Informatiker betonen immer wieder, dass vor Geheimdiensten überhaupt nichts sicher ist. Dem stimmt auch Michael Backes zu, betont aber, dass es nicht an der Verschlüsslung liegt: „Ist diese auf dem bestem Stand der Kunst, ist sie nicht knackbar.“ Wenn von einer gehackten Verschlüsselung die Rede sei, sei entweder ein Schlüssel abgefangen oder eine Hintertür eingebaut worden.
Geheimdienste wählen ansonsten oft den einfacheren Weg über die Hardware: kleine Programme, die direkt mitlesen, was der Nutzer schreibt oder liest, sind schnell installiert. Wer einen Laptop in den USA bestellt, kann nicht sicher sein, dass dieser nicht beispielsweise beim Zoll manipuliert wird. „Eine Festung bringt nur etwas, wenn sie nicht auf Sand gebaut ist“, sagt Backes: selbst die beste Verschlüsselung ist nutzlos, wenn der eigene Computer der Gegner ist.
10. Gibt es eine Lösung für den Cryptowar?
Seit jeher gibt es den Streit zwischen Anhängern zweier Theorien: Ist Sicherheit wichtiger oder Privatsphäre? Nutzt es der Gesellschaft mehr, wenn die Daten aller geschützt sind, oder sollte man die eigene Privatsphäre nicht so wichtig nehmen, um den Schutz vor Terroristen zu erhöhen? Dafür kann es keine Lösung geben. Wer die Daten-Sicherheit erhöht, kann nicht ausschließen, dass das auch von Terroristen genutzt wird. Und wer sie lockert, nimmt in Kauf, dass unbescholtene Bürger ausgespäht werden.
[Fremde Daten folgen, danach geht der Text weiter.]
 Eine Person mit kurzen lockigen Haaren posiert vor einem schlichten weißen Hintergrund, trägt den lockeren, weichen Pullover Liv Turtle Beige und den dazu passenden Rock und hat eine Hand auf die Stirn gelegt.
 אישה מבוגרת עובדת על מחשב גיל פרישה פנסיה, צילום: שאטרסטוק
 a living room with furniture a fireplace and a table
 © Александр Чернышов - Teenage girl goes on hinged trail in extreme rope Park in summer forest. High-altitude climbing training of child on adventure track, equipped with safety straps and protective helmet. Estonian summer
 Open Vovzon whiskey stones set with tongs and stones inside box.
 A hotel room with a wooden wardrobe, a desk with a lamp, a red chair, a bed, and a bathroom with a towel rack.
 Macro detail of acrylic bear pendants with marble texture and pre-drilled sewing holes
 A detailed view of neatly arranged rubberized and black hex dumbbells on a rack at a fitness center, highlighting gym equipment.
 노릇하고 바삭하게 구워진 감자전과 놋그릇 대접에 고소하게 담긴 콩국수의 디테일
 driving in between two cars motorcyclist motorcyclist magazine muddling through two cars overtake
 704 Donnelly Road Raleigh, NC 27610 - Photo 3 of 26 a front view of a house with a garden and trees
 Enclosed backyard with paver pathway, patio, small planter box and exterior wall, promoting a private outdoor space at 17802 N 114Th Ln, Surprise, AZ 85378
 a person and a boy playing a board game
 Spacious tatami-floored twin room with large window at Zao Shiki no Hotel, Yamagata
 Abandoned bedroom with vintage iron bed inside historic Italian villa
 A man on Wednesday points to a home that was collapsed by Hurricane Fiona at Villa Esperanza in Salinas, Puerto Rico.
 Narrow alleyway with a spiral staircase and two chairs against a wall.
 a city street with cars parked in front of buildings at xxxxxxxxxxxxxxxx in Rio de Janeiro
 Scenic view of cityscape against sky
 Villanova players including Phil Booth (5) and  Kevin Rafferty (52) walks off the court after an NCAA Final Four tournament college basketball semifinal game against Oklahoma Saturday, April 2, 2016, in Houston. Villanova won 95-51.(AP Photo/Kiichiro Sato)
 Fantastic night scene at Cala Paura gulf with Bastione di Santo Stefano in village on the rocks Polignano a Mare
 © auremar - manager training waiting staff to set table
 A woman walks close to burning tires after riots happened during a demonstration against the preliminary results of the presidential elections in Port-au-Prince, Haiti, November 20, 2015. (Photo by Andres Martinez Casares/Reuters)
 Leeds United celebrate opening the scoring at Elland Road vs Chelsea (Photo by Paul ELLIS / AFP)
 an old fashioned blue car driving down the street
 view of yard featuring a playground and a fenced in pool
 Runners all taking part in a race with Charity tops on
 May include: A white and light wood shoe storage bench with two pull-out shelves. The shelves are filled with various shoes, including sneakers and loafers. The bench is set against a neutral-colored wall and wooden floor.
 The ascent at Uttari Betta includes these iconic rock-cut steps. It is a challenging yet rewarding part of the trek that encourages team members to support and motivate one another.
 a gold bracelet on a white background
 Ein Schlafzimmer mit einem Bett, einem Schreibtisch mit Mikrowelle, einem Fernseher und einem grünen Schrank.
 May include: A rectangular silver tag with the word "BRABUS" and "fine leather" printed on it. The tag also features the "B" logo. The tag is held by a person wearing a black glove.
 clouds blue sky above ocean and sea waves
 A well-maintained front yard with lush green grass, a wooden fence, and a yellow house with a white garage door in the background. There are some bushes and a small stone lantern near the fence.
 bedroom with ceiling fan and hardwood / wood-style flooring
Ausgerechnet einer der Pioniere der Kryptografie, David Chaums, hat vor Kurzem eine scheinbare Lösung angekündigt: ein Tool zur anonymen verschlüsselten Kommunikation, das schneller und sicherer ist als die Anonymisierungssoftware Tor – allerdings mit einer Hintertür.(http://www.chaum.com/projects/privategrity/privategrity.html) Noch ist nicht allzu viel darüber bekannt, wie Privategrity genau funktionieren soll. Spannend ist allerdings, wie Chaums die Hintertür kontrollieren will: Insgesamt neun Akteure bestehend aus demokratischen Regierungen sollen nur gemeinsam darüber beschließen können. Sie sollen den Schlüssel gemeinsam verwalten: nur wenn neun Server in neun verschiedenen Ländern zusammenarbeiten, die jeweils von einem der neun Akteure verwaltet werden, ist eine Entschlüsselung möglich. Kritiker warnen allerdings, dass der Missbrauch trotzdem nicht ausgeschlossen ist. Das löst nicht die Frage Privatsphäre versus Sicherheit, ist aber vermutlich der weitestgehende Kompromiss.